▸ **Source material**
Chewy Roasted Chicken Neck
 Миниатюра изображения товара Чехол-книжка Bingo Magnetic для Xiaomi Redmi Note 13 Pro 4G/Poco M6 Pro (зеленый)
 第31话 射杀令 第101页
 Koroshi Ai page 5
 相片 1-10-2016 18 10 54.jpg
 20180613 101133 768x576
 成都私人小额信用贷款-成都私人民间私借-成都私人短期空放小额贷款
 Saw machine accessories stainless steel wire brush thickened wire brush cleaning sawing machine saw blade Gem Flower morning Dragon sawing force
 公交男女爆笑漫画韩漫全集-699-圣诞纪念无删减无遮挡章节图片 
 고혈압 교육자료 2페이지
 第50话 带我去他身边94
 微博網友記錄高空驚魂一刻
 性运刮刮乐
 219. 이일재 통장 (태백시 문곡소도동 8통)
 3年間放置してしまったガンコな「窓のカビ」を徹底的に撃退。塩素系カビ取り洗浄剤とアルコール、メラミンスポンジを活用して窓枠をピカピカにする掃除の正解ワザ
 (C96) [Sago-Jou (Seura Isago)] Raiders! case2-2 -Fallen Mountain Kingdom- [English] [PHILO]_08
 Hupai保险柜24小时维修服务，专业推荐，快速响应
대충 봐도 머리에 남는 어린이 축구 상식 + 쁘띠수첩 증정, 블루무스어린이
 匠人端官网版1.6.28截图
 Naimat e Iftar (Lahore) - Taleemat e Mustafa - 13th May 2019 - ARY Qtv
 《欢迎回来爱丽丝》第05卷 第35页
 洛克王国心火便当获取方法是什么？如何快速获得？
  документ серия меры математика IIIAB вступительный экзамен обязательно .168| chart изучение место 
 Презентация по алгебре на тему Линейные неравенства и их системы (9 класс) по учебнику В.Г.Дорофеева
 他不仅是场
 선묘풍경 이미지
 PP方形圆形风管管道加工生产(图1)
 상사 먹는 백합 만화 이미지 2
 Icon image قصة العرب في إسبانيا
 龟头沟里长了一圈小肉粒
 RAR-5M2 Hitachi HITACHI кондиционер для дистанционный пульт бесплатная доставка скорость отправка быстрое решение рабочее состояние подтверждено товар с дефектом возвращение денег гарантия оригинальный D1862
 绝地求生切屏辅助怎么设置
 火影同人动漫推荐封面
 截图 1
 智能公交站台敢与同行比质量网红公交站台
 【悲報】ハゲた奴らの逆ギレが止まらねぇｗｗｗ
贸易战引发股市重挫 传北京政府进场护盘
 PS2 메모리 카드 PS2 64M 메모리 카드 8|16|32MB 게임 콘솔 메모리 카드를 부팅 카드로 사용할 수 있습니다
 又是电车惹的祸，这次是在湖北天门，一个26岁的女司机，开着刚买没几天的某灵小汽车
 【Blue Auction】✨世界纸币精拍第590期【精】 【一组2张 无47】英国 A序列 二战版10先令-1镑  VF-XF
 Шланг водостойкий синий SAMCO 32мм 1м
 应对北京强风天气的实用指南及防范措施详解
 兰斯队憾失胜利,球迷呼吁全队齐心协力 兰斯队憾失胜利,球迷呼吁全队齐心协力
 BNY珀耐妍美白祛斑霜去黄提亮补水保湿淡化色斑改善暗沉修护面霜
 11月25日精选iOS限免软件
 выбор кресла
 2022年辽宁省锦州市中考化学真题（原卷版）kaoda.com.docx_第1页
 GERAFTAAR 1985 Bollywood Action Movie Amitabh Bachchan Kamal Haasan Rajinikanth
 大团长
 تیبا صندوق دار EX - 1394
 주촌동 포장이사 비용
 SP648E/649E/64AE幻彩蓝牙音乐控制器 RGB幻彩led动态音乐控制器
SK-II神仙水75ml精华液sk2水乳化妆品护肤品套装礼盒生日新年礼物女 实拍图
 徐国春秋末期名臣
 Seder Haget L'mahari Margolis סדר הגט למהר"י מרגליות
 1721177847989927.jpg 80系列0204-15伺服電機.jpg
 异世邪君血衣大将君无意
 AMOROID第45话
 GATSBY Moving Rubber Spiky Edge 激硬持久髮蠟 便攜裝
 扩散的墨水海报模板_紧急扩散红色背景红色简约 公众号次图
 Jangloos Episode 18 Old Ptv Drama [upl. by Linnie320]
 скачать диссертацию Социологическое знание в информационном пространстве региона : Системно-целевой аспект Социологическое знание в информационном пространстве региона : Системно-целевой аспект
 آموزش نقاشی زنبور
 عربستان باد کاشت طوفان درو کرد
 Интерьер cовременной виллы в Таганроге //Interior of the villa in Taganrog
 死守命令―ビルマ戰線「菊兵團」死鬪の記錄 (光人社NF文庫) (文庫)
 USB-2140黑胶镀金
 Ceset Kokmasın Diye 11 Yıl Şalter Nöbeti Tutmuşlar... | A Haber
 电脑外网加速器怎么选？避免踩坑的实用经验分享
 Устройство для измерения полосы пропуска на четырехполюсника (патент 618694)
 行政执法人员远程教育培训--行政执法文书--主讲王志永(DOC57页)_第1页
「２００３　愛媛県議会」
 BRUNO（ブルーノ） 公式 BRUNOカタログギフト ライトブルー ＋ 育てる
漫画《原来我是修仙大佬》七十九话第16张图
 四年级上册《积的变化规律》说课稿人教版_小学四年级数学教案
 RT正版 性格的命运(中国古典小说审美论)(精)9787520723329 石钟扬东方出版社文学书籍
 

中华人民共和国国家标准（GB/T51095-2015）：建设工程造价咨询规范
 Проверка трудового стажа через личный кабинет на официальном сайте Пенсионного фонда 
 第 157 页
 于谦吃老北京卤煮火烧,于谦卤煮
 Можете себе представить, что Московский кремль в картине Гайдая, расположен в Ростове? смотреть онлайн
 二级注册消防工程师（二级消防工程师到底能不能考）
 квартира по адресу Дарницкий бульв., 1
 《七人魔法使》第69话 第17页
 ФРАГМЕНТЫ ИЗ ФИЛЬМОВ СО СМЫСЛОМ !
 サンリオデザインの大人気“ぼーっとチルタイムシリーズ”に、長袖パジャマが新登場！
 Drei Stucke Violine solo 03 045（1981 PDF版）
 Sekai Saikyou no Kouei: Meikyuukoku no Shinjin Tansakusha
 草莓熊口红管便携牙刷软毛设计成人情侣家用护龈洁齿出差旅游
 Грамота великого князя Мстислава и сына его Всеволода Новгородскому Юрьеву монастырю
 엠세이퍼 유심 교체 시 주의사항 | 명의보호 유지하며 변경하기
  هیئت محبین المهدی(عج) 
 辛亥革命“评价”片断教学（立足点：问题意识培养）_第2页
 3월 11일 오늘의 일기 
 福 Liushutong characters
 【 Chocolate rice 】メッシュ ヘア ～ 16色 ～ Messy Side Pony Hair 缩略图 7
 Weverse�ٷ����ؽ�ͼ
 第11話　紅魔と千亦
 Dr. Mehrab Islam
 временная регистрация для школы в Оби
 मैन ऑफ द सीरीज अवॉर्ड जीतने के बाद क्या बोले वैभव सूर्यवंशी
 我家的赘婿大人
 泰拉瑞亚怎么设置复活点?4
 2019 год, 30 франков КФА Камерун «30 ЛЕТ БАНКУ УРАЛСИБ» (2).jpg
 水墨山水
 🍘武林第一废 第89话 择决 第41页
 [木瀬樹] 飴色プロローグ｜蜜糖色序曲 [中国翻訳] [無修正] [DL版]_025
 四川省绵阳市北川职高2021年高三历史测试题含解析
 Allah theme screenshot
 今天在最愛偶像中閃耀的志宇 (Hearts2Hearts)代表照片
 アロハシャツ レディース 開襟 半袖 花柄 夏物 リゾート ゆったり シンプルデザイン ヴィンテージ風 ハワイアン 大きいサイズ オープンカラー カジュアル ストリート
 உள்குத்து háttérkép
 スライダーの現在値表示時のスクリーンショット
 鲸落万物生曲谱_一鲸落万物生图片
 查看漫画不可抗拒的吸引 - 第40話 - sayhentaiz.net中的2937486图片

▸ **Exercise objective**
Would you quote everything above from the line containing "BRUNO（ブルーノ） 公式 BRUNOカタログギフト ライトブルー ＋ 育てる" down to the line containing "Проверка трудового стажа"? Include both of those lines and nothing else.

▸ **Task solution**
 BRUNO（ブルーノ） 公式 BRUNOカタログギフト ライトブルー ＋ 育てる
漫画《原来我是修仙大佬》七十九话第16张图
 四年级上册《积的变化规律》说课稿人教版_小学四年级数学教案
 RT正版 性格的命运(中国古典小说审美论)(精)9787520723329 石钟扬东方出版社文学书籍
 

中华人民共和国国家标准（GB/T51095-2015）：建设工程造价咨询规范
 Проверка трудового стажа через личный кабинет на официальном сайте Пенсионного фонда 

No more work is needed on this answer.